District Court of Appeal of Florida, Second District.
*1364 Julianne M. Holt, Public Defender; and Theda R. James and Deborah A. Goins, Assistant Public Defenders, Tampa, for Petitioners.
Robert A. Butterworth, Attorney General, Tallahassee; and Jon J. Johnson and John T. Salgado, Assistant Attorneys General, Tampa, for Respondent.
PER CURIAM.
These consolidated petitions for writ of prohibition seek the respondent's disqualification from presiding over five juveniles' criminal trials in the adult division of the circuit court. The petitions are based on comments by the respondent in an unrelated case. Because we are convinced, from a reading of the entire record, that this trial judge has not formed an intent to ignore the clear dictates of the law, the petitions are denied.
The petitioners allege that respondent is predisposed to impose adult sanctions on all juveniles before hearing how they might qualify for juvenile sanctions pursuant to chapter 39, Florida Statutes (1995). The petitions all quote the same remark by respondent, which seems to support their argument when taken out of context. The offending quotation reads:
THE COURT: If this comes back and you can tell all your juvenile clients ahead of time, I don't intend to sentence juveniles and give them the benefit of the juvenile statute if my hands are tied. I spent three and a half years doing that, I'm not going to do it anymore unless I get reassigned to the juvenile division again.
So let your juvenile defendants, juvenile clients know that if my hands are tied up here as they were down there, they're not going to get the benefit of Chapter 39.
Judicial comments evincing a determination to rule a particular way prior to hearing the evidence or argument have been a frequent cause for successful prohibitions or reversals. See, e.g., Gonzalez v. Goldstein, 633 So. 2d 1183 (Fla. 4th DCA 1994) (granting prohibition after judge announced that he would sentence defendant to the top of the guidelines before taking testimony in mitigation); Lewis v. State, 530 So. 2d 449 (Fla. 1st DCA 1988) (reversing sentence after trial judge announced before trial that he did not try third-degree felonies in his court and that a departure sentence of the maximum penalty would be imposed if the case proceeded to trial).
Standing alone, the respondent's comments suggest that he has prejudged all upcoming cases involving juvenile defendants and that he would decline to consider the criteria in section 39.059, Florida Statutes (1995), before determining the propriety of juvenile sanctions. The full transcript of the hearing places the remarks in the following context. Several days earlier, the court had imposed juvenile sanctions and retained jurisdiction to insure that the juvenile would be under supervision for five years. The legality of this sentencing arrangement was discussed by the attorneys and the court, with no definitive conclusion. At this point, respondent indicated that he would discontinue the use of juvenile sanctions in adult court if the appellate court ruled that he could not retain jurisdiction over the defendants until *1365 their twenty-first birthdays. It is within this context that the respondent twice says "if my hands are tied."

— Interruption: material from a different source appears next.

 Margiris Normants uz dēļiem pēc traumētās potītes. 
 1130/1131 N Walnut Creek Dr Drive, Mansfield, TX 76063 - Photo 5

There is no indication in the record before us that there was an immediate threat to abandon juvenile sanctions. Any perceived threat was contingent upon the outcome of an appeal to this court. Accordingly, the petitions have been filed prematurely. We have confidence that respondent will fulfill his oath of office to uphold the law and that he will follow the dictates of chapter 39 when evaluating the appropriate sanctions for juvenile defendants. A judge who consistently refuses to follow a state statute or binding decision may be in violation of Florida Code of Judicial Conduct, Canon 3 B(2), and may be subject to appropriate discipline.
Petitions for writs of prohibition denied.
BLUE, A.C.J., and FULMER and WHATLEY, JJ., concur.